Information provided:
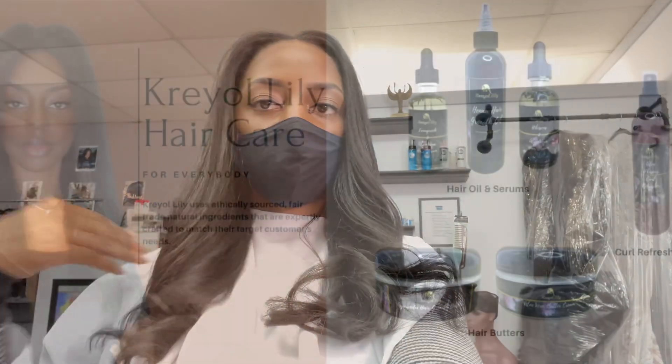Hey everyone and welcome back to my channel. In this video I'm going to be showing you guys a DIY hair mask that will help with hair growth. If you are interested in this video then please stay tuned.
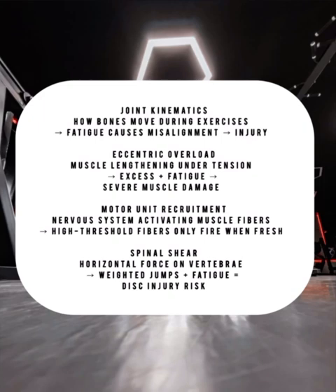At face value, this workout leverages heavy mechanical tension and metabolic stress, which are two key hypertrophy drivers. But scientifically, cumulative neuromuscular fatigue destroys movement integrity — there are too many risks involved, and we're going to break down why this programming won't work.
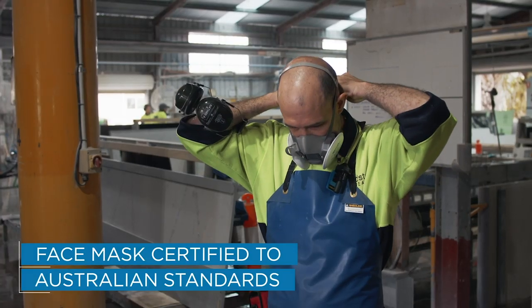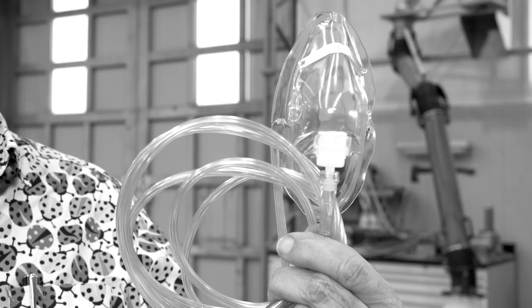To protect yourself, start today by putting on the right dust mask to avoid having to wear an oxygen mask for the rest of your life.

About this exercise: Copy exactly, and copy nothing else: the lines from the start of the data above through the line that holds "At face value, this". The pictures stay out.

Answer section:
Hey everyone and welcome back to my channel. In this video I'm going to be showing you guys a DIY hair mask that will help with hair growth. If you are interested in this video then please stay tuned.
At face value, this workout leverages heavy mechanical tension and metabolic stress, which are two key hypertrophy drivers. But scientifically, cumulative neuromuscular fatigue destroys movement integrity — there are too many risks involved, and we're going to break down why this programming won't work.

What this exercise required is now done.